・$f(z)=f(x+iy)=e^xu(y)+ie^xv(y)$.
・$f(z)$ is regular.
・$f(x)=e^x.$ (When $y=0$, $f(z)=e^x$.)
Under this condition, determine $u(y), v(y).$
The answer is following.
From Cauchy–Riemann equations, $u(y)=v'(y), u'(y)=-v(y).$
So, $(u(y)^2+v(y)^2)'=2u(y)u'(y)+2v(y)v'(y)=0.$
Thus $u(y)^2+v(y)^2=k$, and from $f(x)=e^x,$ $u(0)=1, v(0)=0.$ Then $k=1.$
Therefore, $u(y)^2+v(y)^2=1$.
The answer is $u(y)=\cos y, v(y)=\sin y.$ ■
But I'm not convinced. This answer says that $u(y)^2+v(y)^2=1 \Longrightarrow u(y)=\cos y, v(y)=\sin y.$ Aren't there other $u(y),v(y)$ ? Only $u(y)=\cos y, v(y)=\sin y$ is solution?
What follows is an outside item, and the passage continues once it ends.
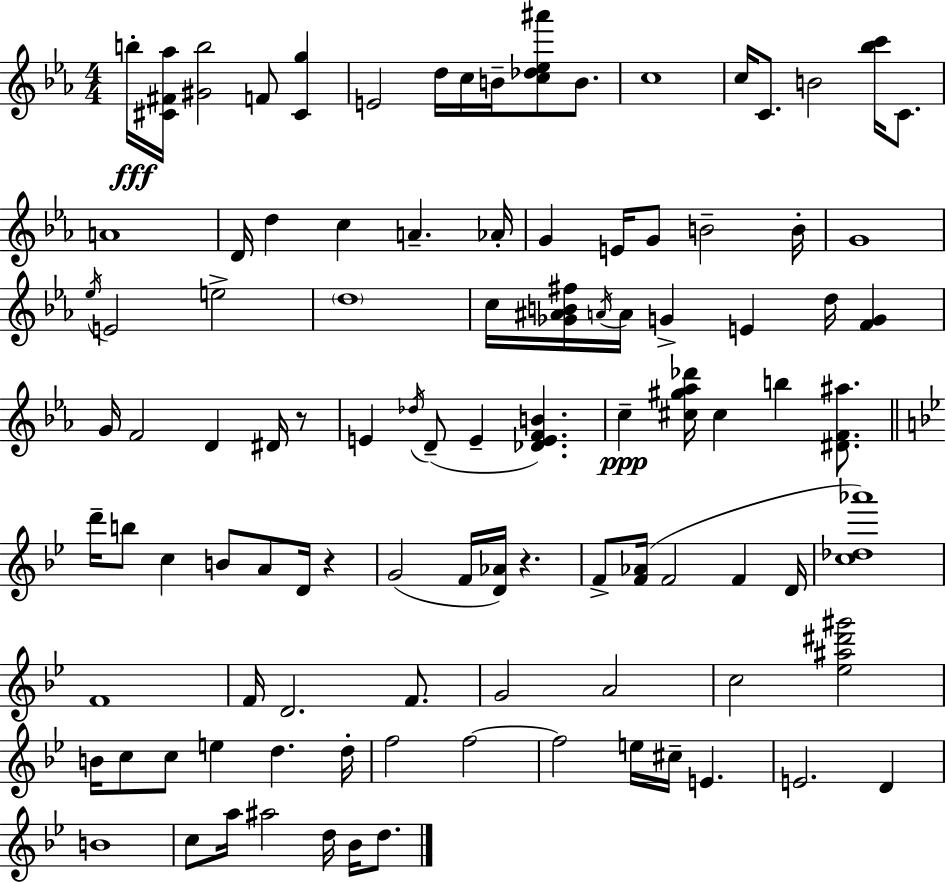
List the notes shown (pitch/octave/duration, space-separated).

B5/s [C#4,F#4,Ab5]/s [G#4,B5]/h F4/e [C#4,G5]/q E4/h D5/s C5/s B4/s [C5,Db5,Eb5,A#6]/e B4/e. C5/w C5/s C4/e. B4/h [Bb5,C6]/s C4/e. A4/w D4/s D5/q C5/q A4/q. Ab4/s G4/q E4/s G4/e B4/h B4/s G4/w Eb5/s E4/h E5/h D5/w C5/s [Gb4,A#4,B4,F#5]/s A4/s A4/s G4/q E4/q D5/s [F4,G4]/q G4/s F4/h D4/q D#4/s R/e E4/q Db5/s D4/e E4/q [Db4,E4,F4,B4]/q. C5/q [C#5,G#5,Ab5,Db6]/s C#5/q B5/q [D#4,F4,A#5]/e. D6/s B5/e C5/q B4/e A4/e D4/s R/q G4/h F4/s [D4,Ab4]/s R/q. F4/e [F4,Ab4]/s F4/h F4/q D4/s [C5,Db5,Ab6]/w F4/w F4/s D4/h. F4/e. G4/h A4/h C5/h [Eb5,A#5,D#6,G#6]/h B4/s C5/e C5/e E5/q D5/q. D5/s F5/h F5/h F5/h E5/s C#5/s E4/q. E4/h. D4/q B4/w C5/e A5/s A#5/h D5/s Bb4/s D5/e.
I'm not convinced either. But the answer is correct. Note that $u''=-v'=-u$ and therefore $u(x)=\alpha\cos(x)+\beta\sin(x)$ for some constants $\alpha$ and $\beta$, and then $v=-u'=\alpha\sin(x)-\beta\cos(x)$. But $\alpha=u(0)=1$ and $\beta=v(0)=0$.